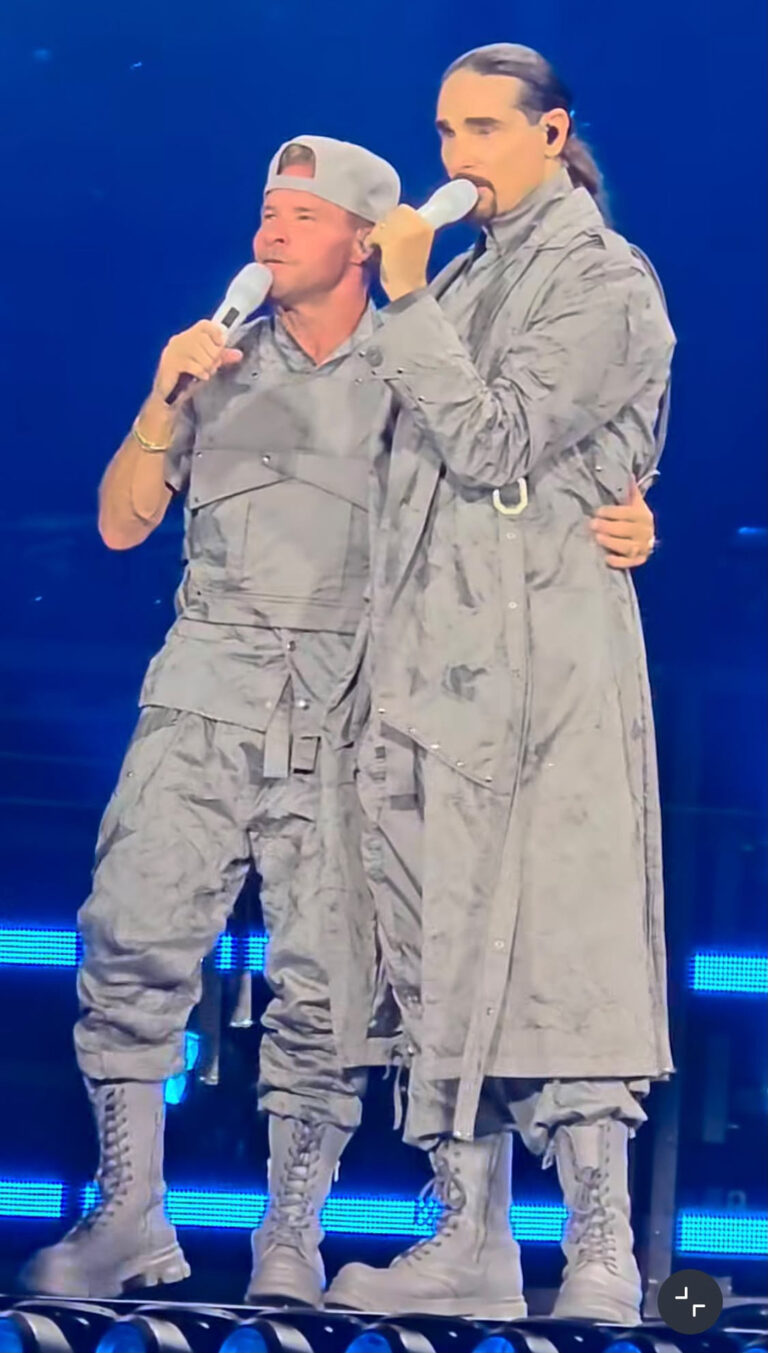 Kevin Richardson (rechts) auf der Bühne – mit dem reparierten Boot. (Foto: Karina Ranft)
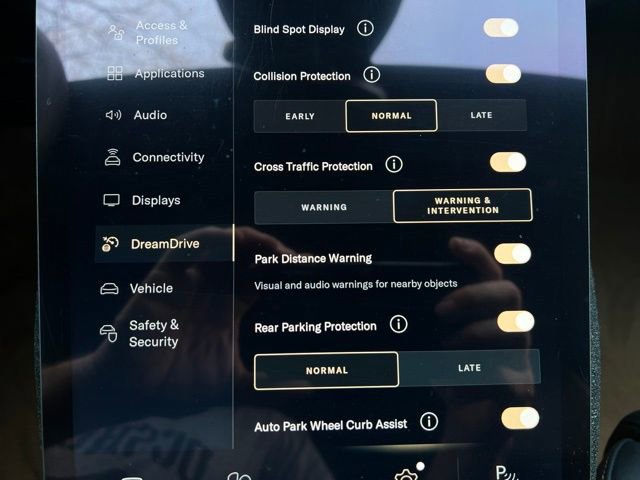 Used 2024 Lucid Air Touring image 9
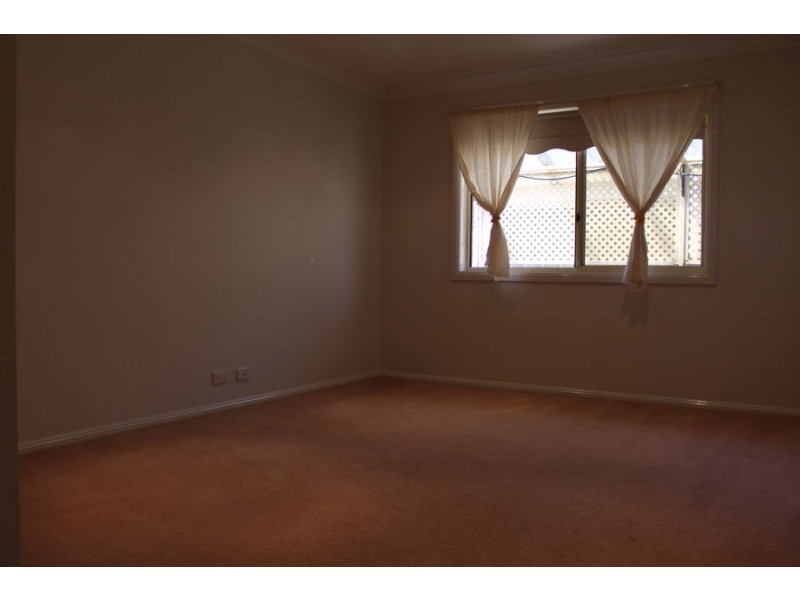 3 Nathan Place, Kooringal NSW 2650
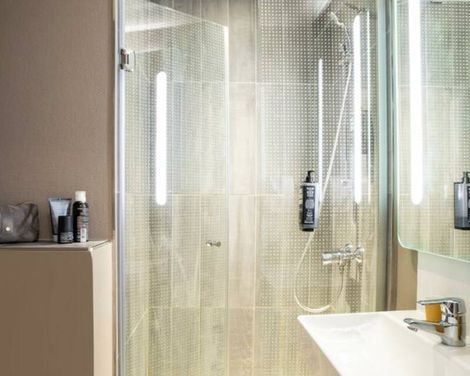 ibis Paris Ornano Montmartre Nord 18ème-0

EXERCISE REQUIREMENTS → The required output is each line above restated verbatim, with all images omitted.

EXPECTED ANSWER →
 Kevin Richardson (rechts) auf der Bühne – mit dem reparierten Boot. (Foto: Karina Ranft)
 Used 2024 Lucid Air Touring image 9
 3 Nathan Place, Kooringal NSW 2650
 ibis Paris Ornano Montmartre Nord 18ème-0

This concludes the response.